After you click Reboot Now, the rollback status is output to the screen, and when complete, you are prompted to press Return (Enter) to modify system settings, which returns you to the initial setup options. When you are finished entering data, simply close the serial console window.
If you wait more than 5 seconds to enter your choice, the current system configuration is automatically loaded and you must go back to the admin console and click Reboot Now to start the process again. If you have already performed a system rollback, the rollback option is not available again until you upgrade the OS service package again.
Using the Serial Console to Reset the System to the Factory Image
In rare cases, you might need to reset the system to its original factory settings. Before performing this advanced system recovery option, contact PSGSC (http://www.pulsesecure.net/support/). If possible, export the most current system and user configuration data before performing a factory reset.
To perform a factory reset:
1.Connect to the serial console. In a browser window, sign in to the admin console.
2.Select Maintenance > System > Platform.
3.Click Reboot and then go back to the console utility window. The window displays a message that the system is restarting.
4.After several moments, you are prompted to use the Tab key to select options. Press Tab, and when prompted for the configuration to load, type factory-reset and then press Enter. If you wait more than 5 seconds to enter your choice, the current system configuration is automatically loaded, and you must go back to the admin console and click Reboot Now to start the process again.

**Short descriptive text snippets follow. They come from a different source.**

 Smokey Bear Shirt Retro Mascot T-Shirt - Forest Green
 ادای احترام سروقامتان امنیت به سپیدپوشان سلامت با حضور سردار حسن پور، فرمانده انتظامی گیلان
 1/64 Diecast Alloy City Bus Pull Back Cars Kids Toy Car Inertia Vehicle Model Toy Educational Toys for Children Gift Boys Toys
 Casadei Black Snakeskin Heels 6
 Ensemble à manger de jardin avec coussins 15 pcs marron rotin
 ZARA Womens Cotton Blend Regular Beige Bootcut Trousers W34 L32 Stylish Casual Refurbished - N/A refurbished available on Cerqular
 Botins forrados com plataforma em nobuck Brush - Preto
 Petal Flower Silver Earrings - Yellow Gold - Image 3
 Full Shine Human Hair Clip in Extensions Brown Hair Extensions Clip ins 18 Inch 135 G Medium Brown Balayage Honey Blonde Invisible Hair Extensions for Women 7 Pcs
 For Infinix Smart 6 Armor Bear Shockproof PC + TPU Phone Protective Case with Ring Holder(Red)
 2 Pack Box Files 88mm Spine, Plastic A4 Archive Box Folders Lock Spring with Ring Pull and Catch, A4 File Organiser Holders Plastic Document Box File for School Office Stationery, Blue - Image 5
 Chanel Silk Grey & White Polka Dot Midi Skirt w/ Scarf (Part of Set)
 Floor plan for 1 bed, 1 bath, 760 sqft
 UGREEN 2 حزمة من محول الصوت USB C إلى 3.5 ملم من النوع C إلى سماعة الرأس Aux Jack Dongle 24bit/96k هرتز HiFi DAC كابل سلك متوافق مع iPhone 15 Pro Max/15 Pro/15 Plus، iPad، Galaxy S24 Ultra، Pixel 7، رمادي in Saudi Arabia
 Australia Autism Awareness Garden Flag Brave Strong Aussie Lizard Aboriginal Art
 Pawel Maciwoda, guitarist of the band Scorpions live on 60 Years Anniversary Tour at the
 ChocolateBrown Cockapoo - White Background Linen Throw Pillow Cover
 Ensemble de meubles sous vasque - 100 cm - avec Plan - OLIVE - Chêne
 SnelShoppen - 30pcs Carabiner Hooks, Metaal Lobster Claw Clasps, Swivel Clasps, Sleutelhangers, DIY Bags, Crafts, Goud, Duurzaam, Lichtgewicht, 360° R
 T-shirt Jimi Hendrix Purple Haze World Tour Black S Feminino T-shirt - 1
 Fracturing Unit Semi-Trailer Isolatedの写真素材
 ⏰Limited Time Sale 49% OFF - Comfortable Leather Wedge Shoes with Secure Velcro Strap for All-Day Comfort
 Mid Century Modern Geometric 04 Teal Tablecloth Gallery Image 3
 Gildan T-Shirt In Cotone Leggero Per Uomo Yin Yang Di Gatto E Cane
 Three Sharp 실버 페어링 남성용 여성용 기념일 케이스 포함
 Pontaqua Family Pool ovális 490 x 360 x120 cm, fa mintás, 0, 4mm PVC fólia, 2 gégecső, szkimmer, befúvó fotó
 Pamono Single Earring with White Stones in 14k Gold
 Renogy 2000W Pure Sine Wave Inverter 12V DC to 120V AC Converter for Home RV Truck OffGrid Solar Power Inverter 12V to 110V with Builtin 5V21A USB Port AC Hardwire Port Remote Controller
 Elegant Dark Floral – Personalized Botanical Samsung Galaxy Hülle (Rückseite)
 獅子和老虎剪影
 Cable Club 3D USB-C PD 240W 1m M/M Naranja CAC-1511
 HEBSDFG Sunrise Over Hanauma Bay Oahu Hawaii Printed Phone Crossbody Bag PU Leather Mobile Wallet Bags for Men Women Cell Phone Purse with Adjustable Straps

5.When you are prompted to confirm performing a factory reset, type proceed and then press Enter. The system begins the process of resetting the machine to its original settings and outputs several screens of data. After several minutes, you are prompted to use the Tab key to select configuration choices.
When prompted to press the Tab key, do one of the following:
•Wait for the default selection (current) to start automatically.
•Press Tab, type current, and then press Enter.
You are then prompted to enter the initial configuration settings. For details on how to proceed, see the installation guide provided in the product packaging or on the Pulse Secure Global Support Center.
After you complete the initialization process, you can upgrade to the latest OS service package and import saved system and user configuration files to return to the last good working state of your system.
You might receive errors from the system during the initial setup or on a factory reset. Before the system starts services, it monitors the network port for a maximum of 120 seconds. The system checks the link status and sends ARP requests to the default gateway. If there is a problem, after 5 seconds, the system displays a message on the serial console that starts with NIC:...... If the link recovers within 120 seconds, the startup process continues. If the link does not recover, the following message is displayed:
Internal NIC:...............[Down code=0x1]
•0x1 means that the interface link status reported by the NIC remains off (for example, a disconnected cable or a cable is in the wrong port).
•0x2 means that the gateway is unreachable. The system boots but is not reachable from IP addresses bound to that network port.